科学者達がリチウムおよびナトリウム・イオン電池用の
高性能ポリマー・ベースの電極バインダーを設計
Scientists Design High-Performance Polymer-Based Electrode Binder
for Lithium and Sodium-Ion Batteries
By National Research Council of Science and Technology
https://techxplore.com/ より 2024.09.17
電子機器と電動自転車の世界的な需要は、今後数年間、引き続き成長し、多様化していくと見込まれている。この需要の増加により、効率、性能、安全な貯蔵技術が向上した強力な電池が求められている。
リチウム・イオン電池は、この二次イオン電池部門を30年以上支配してきた。しかし、持続不可能な抽出方法、高コスト、地理的分布の不均衡に対する懸念から、リチウムの供給は徐々に減少しえちる。
このため、研究者や業界はリチウム・イオン電池の代替品を探すようになった。有望な候補はナトリウム・イオン電池である。ナトリウムは自然界に豊富に存在し、コスト効率が高く、電気化学的ポテンシャルが高いためである。しかし、商用用途に実装する前に、いくつかの問題に対処する必要がある。
まず、ナトリウム・イオンの半径はリチウム・イオンよりも大きいため、イオン運動が遅くなり、相安定性と層間形成が複雑になる。次に、リチウム・イオン電池だけでなく
リチウム・イオン電池にも適合し、高性能を保証する電極を開発する必要がある。さらに、炭素ベースの材料はリチウム・イオン電池とナトリウム・イオン電池の有望な電極になるが、独自の欠点がないわけではない。
電極の性能と安定性を向上させるために、北陸先端科学技術大学院大学JAIST)の松見紀佳教授と同大学の博士課程学生Amarshi Patraは、ナトリウム・イオン電池の電極製造用のポリマー・バインダーに焦点を移した。

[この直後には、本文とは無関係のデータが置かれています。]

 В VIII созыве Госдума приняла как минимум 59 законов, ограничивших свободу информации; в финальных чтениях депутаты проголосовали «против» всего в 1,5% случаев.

2024年9月12日にAdvanced Energy Materialsに掲載された研究で、研究者達は、高密度に機械化された水溶性ポリイオン液体であるポリ(オキシカルボニルメチレン1-3-メチルイミダゾリウム)(PMAI)を開発し、リチウム・イオン電池およびナトリウム・イオン電池に対する結合能力をテストした。PMAIベースのアノード半セルは、優れた電気化学的特性とサイクル安定性を示した。

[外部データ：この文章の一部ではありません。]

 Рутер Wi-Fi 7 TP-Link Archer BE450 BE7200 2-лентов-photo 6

「急速充放電を可能にし、ナトリウム・イオン拡散の遅い反応速度の問題を解決する材料の需要が世界中で高まっている。高密度のイオン液体官能基を持つこのポリマー・ベースのバインダーは、ナトリウム・イオン電池の高性能電極システムのコンポーネントとして機能する。」と松見教授は説明した。
新しいPMAI材料の有効性をテストするために、研究者達はそれぞれリチウム・イオン電池とナトリウム・イオン電池のグラファイト陰極バインダーと硬質炭素陰極バインダーとして使用した。
電気化学評価の結果、PMAIベースのアノード半セルは、並外れた電気化学性能、高容量(リチウム・イオン電池では1Cで297 mAh/g、ナトリウム・イオン電池では60 mA/gで250 mAh/g)、ナトリウム・イオン電池では200サイクル後に96%の容量保持、リチウム・イオン電池では750サイクル後に80%の容量保持という優れたサイクル安定性を示すことが明らかになった。
さらに、実験結果では、高密度極性イオン液体グループと、バインダーの減少による機能化固体電解質界面の形成により、イオン拡散係数の改善、抵抗および活性化エネルギーの低下が示された。
PMAIをアノード・バインダーとして使用したフルセル試験から明らかなように、性能と安定性の向上は、二次イオン電池用途のバインダーとしてのこの新素材の可能性の証である。
「この種類の材料は、このバインダーがナトリウム・イオンの拡散を改善するため、商用用途の急速充電エネルギー貯蔵システムに採用されるであろう。この研究は、より高度な材料の開発を促進し、新しいナトリウム・イオン駆動の電子機器や電動自転車へ道を開くであろう。」と松見教授は結論付けている。
「開発された新しいポリイオン液体は、新しい種類の材料である。ポリイオン液体は、エネルギー貯蔵装置、生化学用途、センシング用途、触媒用途など、さまざまな用途で熱心に研究されてきた。我々の新しい高密度イオン液体機能化ポリマーは、上記のさまざまな研究分野で潜在的に有用である。」